**Problem details**
Exercise in exact copying: restate word for word only the lines below from the one containing "İşte T&uuml;rkiye'nin askeri g&uuml;c&uuml;" through the one containing "Накладной светильник Escada Grain 10222/6LED", omitting any pictures.

**Data shown**
/---
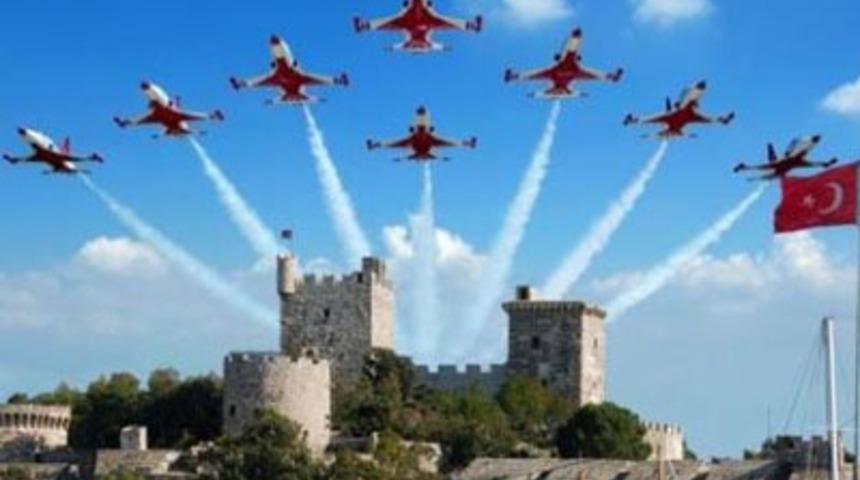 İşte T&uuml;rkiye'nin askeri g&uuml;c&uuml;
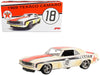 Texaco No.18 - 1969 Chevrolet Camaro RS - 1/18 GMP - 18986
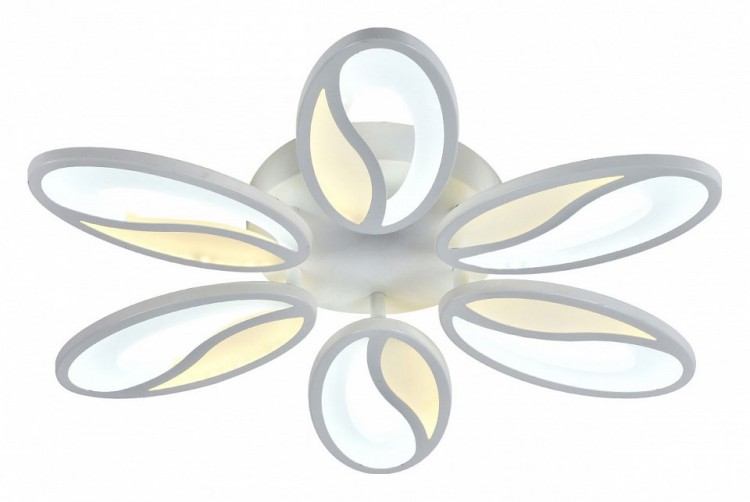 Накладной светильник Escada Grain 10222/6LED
\---
/---
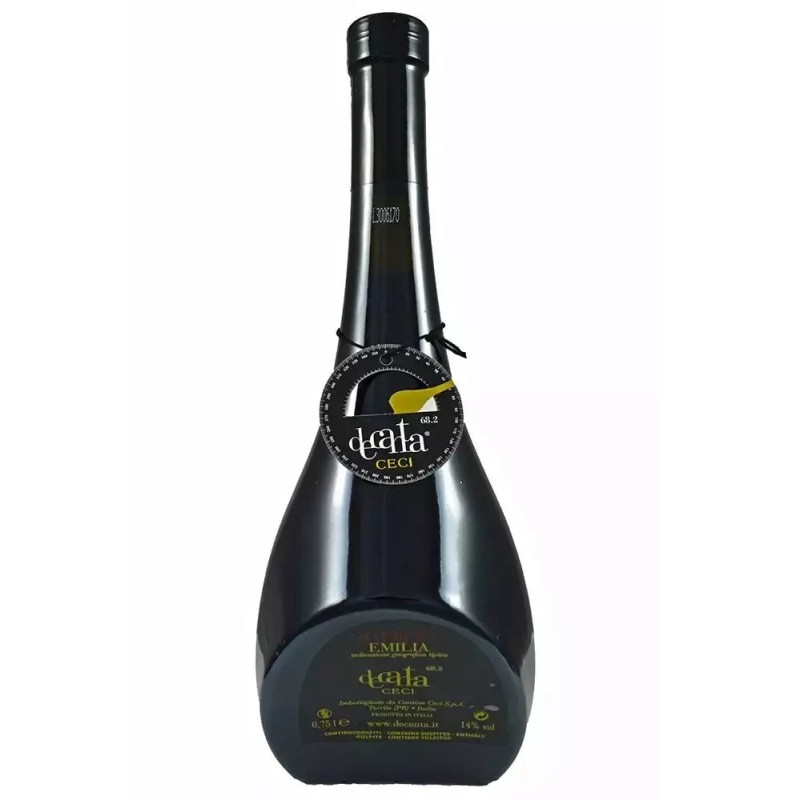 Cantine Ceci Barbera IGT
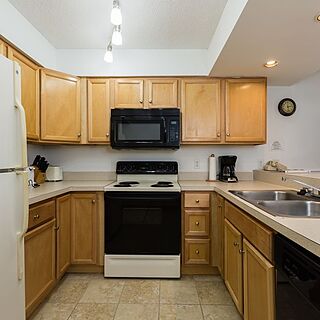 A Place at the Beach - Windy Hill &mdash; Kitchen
\---
**Task result**
 İşte T&uuml;rkiye'nin askeri g&uuml;c&uuml;
 Texaco No.18 - 1969 Chevrolet Camaro RS - 1/18 GMP - 18986
 Накладной светильник Escada Grain 10222/6LED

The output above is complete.